Kathi Serles (14)

Schwarz

Zitternd stand Maria vor seinem leblosen Körper. Ganz ruhig und verlassen lag er da. Seine Augen waren weit geöffnet und blickten starr in den Himmel. Sein Mund war geschlossen, doch er spiegelte Hass und Schmerz wider. Seine Hände waren zu Fäusten geballt und ruhten reglos auf dem harten Asphalt. Um ihn herum hatte sich eine Menge von Schaulustigen gebildet. Wie Tiere lechzten sie danach, ihn sterben zu sehen. Zwei Notärzte knieten neben ihm und versuchten, sein Leben noch zu retten. Das Blaulicht des Rettungswagens beleuchtete die Szene. Dunkle Schatten huschten über hohe Hauswände, Autos rasten an ihnen vorbei, und die schwarze Nacht umhüllte Maria wie einen Umhang.

Ihr Herz klopfte und alles andere schien nur mehr in Zeitlupe zu geschehen. Nur vage nahm sie die Ärzte wahr, die hoffnungslos den Kopf schüttelten, aber trotzdem weitermachten und versuchten, ihn am Leben zu erhalten. Um sie herum schien sich langsam alles aufzulösen und sie tauchte noch einmal in die Vergangenheit. Was war geschehen? Wieso lag John hier auf dieser Straße, blutend und in Lebensgefahr schwebend? Sie schloss die Augen und versuchte sich zu erinnern…

»Bis morgen!«

»Ja… bis morgen also!«

John und Maria standen vor ihrer Haustür und sahen sich an. Seine schwarze Haut wirkte nicht mehr so fremd auf sie, seit sie sich kennengelernt hatten. Irgendetwas an ihm faszinierte sie. War es seine Hautfarbe, oder seine großen, dunklen Augen?

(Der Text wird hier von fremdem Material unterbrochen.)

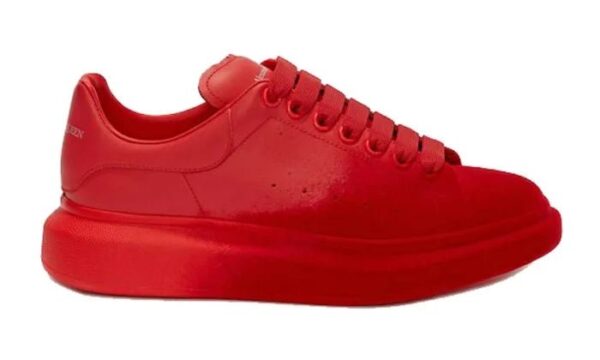 Oversize Triple Rosso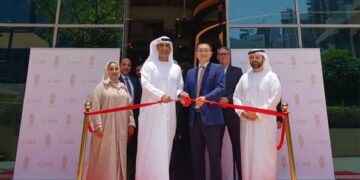 In Dubai, Leos unveils a 15,000-square-foot show apartment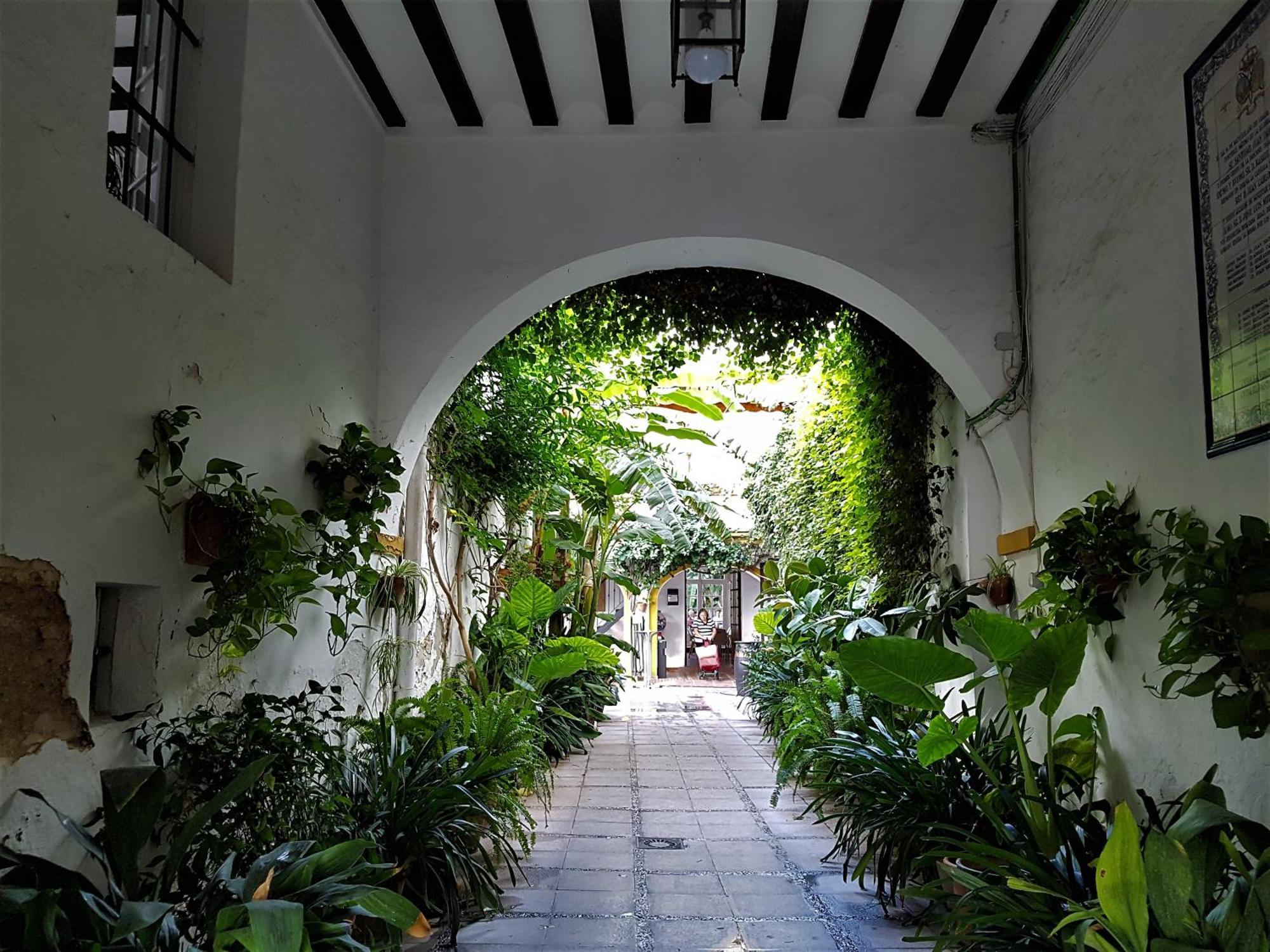 Albariza Hotel Boutique Sanlúcar de Barrameda Dış mekan fotoğraf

Während sie ihn stumm betrachtete, blickte John verlegen zu Boden. Er hatte sich noch immer nicht daran gewöhnt, ständig angestarrt zu werden. Als er wieder aufsah, war Maria schon ins Haus verschwunden. Drinnen wurde ein Licht angemacht und der Duft von Kaffee und Kuchen strömte ihm aus dem geöffneten Fenster entgegen. Eine leichte Brise ließ den Vorhang kurz aufflattern und vertrieb den Duft.

Seufzend drehte sich John um. Auf ihn wartete jetzt eine kleine, dunkle Kellerwohnung. Wahrscheinlich schliefen seine Eltern und Schwestern schon. Langsam ging er die einsame Straße entlang. Die meisten Menschen lagen schon in ihren Betten. John liebte die Nacht; nur im Dunkeln fühlte er sich nicht ausgeschlossen von den anderen. Manchmal wünschte er sich, weiss zu sein und nicht so dunkel und fremd. Er kam sich oft klein, unerwünscht und fehl am Platz vor…

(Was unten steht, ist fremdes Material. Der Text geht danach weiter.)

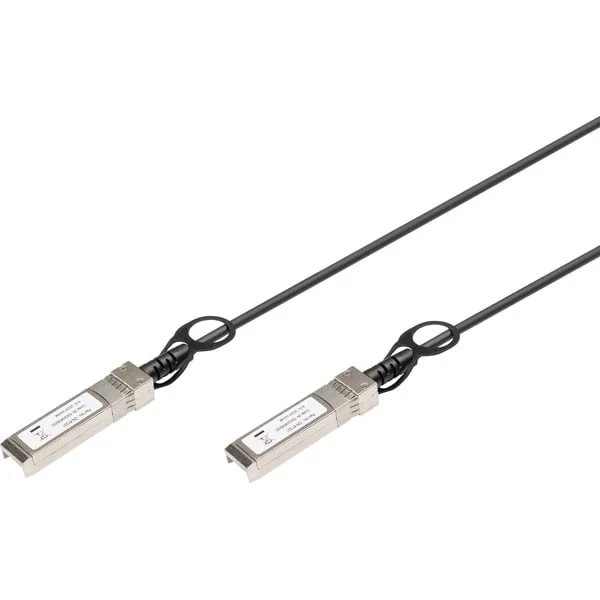 Digitus Kabel SFP+ 10G DAC (schwarz, 10 Meter)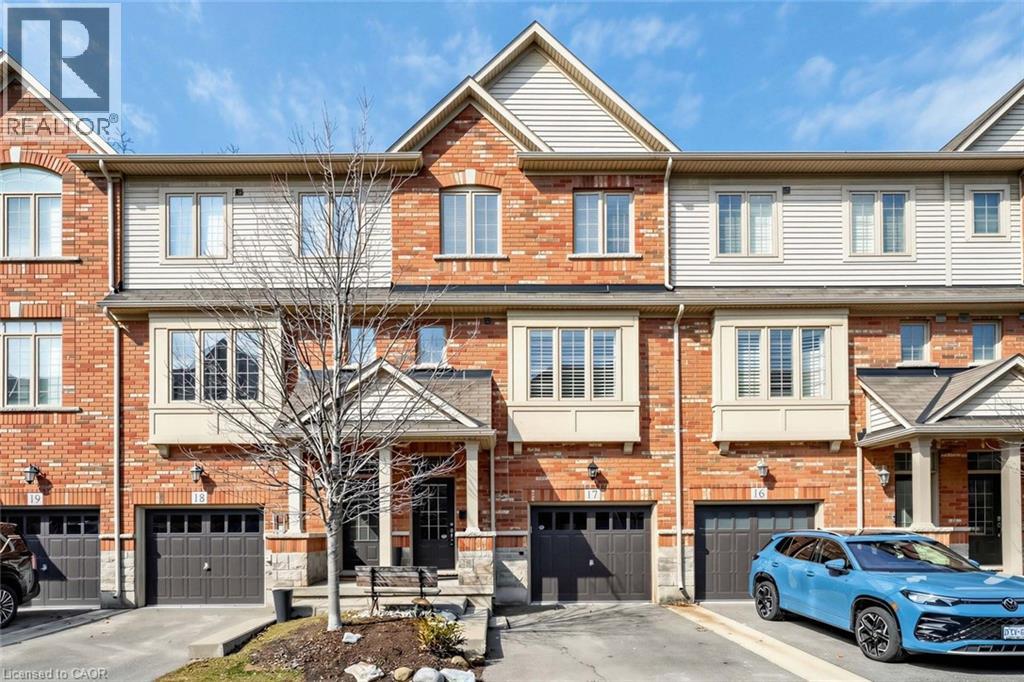 4165 UPPER MIDDLE Road Unit# 17, Burlington, Ontario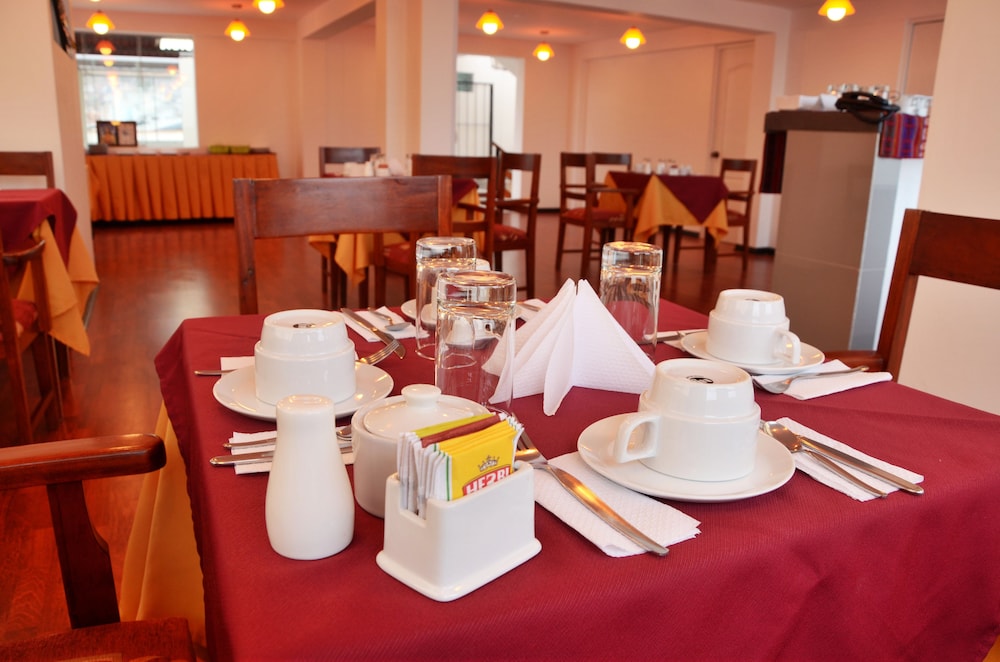 Golden Inca Hotel 22/27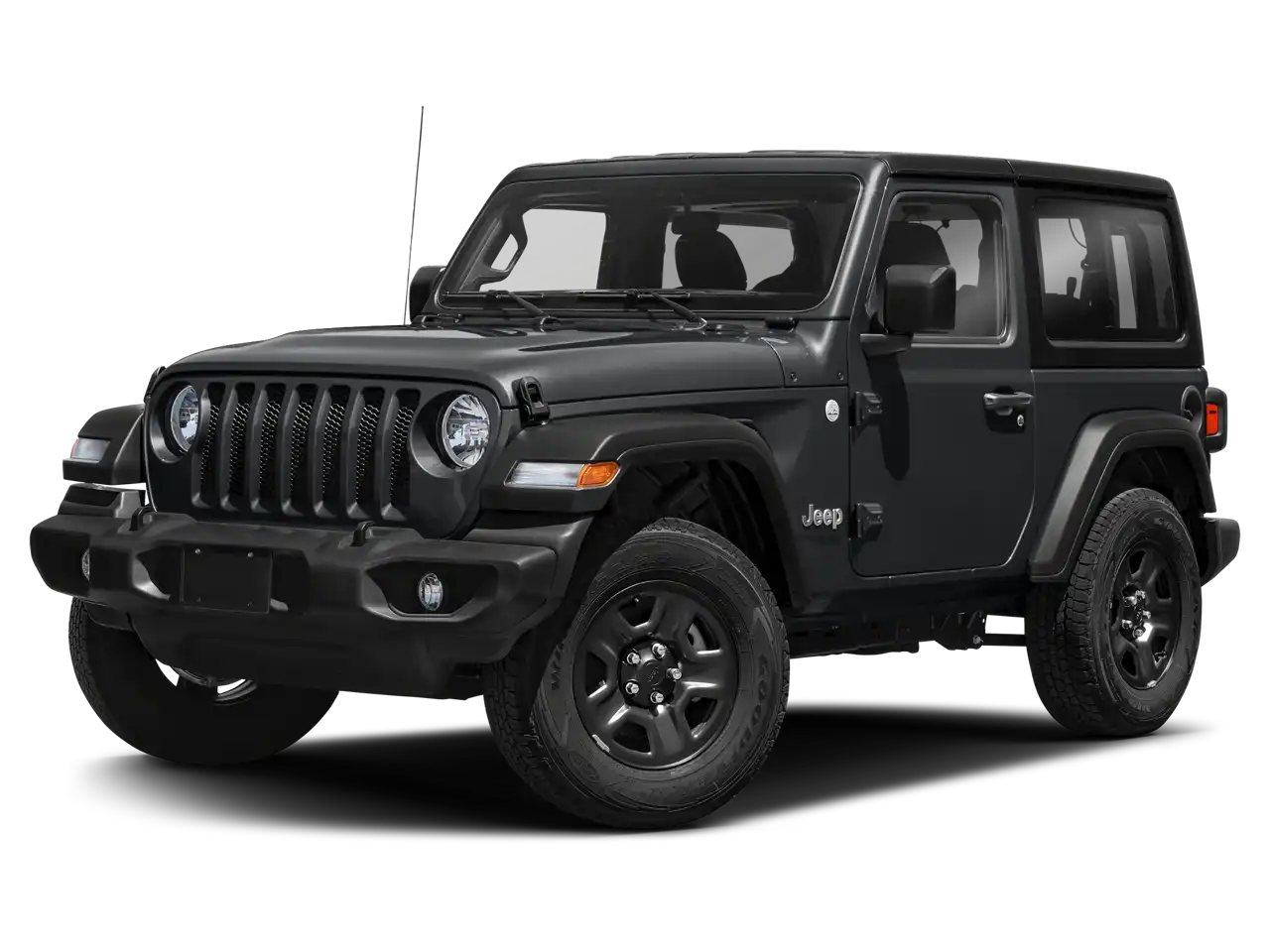 2021 Jeep Wrangler Sport S's photo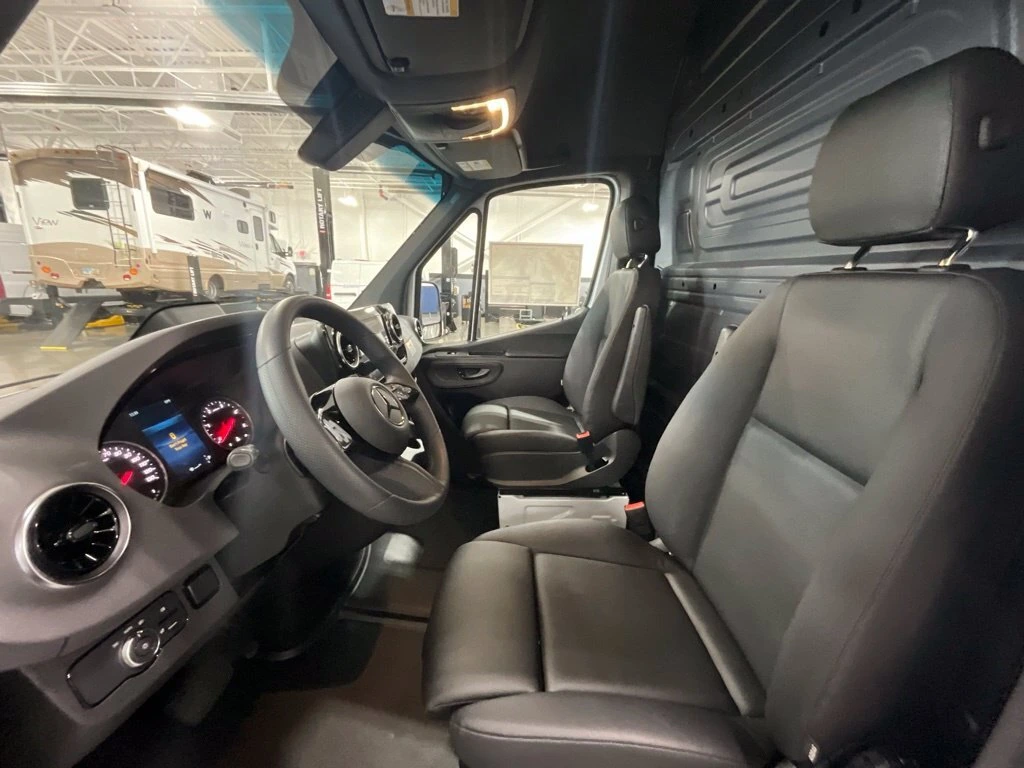 2026 Mercedes-Benz Sprinter Cargo Van Base - Photo 10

Plötzlich hörte er Schritte hinter sich. Verwundert, wer in dieser Nacht noch auf den Beinen war, drehte er sich um und erstarrte.

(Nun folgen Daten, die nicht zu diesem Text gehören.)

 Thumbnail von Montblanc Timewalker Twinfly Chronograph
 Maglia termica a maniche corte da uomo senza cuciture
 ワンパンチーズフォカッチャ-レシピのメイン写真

Höhnisch grinsend sahen ihn sechs Augenpaare an. Einer deutete auf ihn und ballte seine Faust. Voller Hass traten sie näher auf ihn zu. Wortlos begannen sie ihn zu verprügeln. John konnte sich nicht wehren. Mit Händen und Füßen gingen sie auf ihn los. Stumm ließen sie ihre Wut an ihm aus. Es kam ihm wie eine Ewigkeit vor, bis sie von ihm abließen.

Wie tot lag er da. Leise entfernten sich die Schritte. Nur noch einer stand bei ihm. Er beugte sich zu John hinab, streichelte im lächelnd über seine geschwollene Wange und flüsterte:

»Du lebensunwertes Leben.«

Dann ging er. John lag da und hörte immer nur diesen einen Satz. Lebensunwertes Leben. Eine verlorene Träne glitt über sein Gesicht. Dann wurde ihm schwarz vor Augen…

Zitternd öffnete sie ihre Augen wieder. Immer noch lag er hier am Boden. Heulend wandte sie sich ab. Sie war schuld. Durch ihr Fenster hatte sie die Szene beobachtet und nicht gewagt einzugreifen. Nur um ihre eigene Haut zu retten, hatte sie nichts getan. Und jetzt lag hier ein Mensch im Sterben, weil sie zu feig gewesen war.

Plötzlich wurde es still. Hoffnungsvoll drehte sie sich zu John und beugte sich über ihn. Mit glasigen Augen sah er sie an uns sagte:

»Ich bin ein lebensunwertes Leben.«

Dann lächelte er schwach und schloss die Augen. Weinend brach Maria über seinem toten, schwarzen Körper zusammen.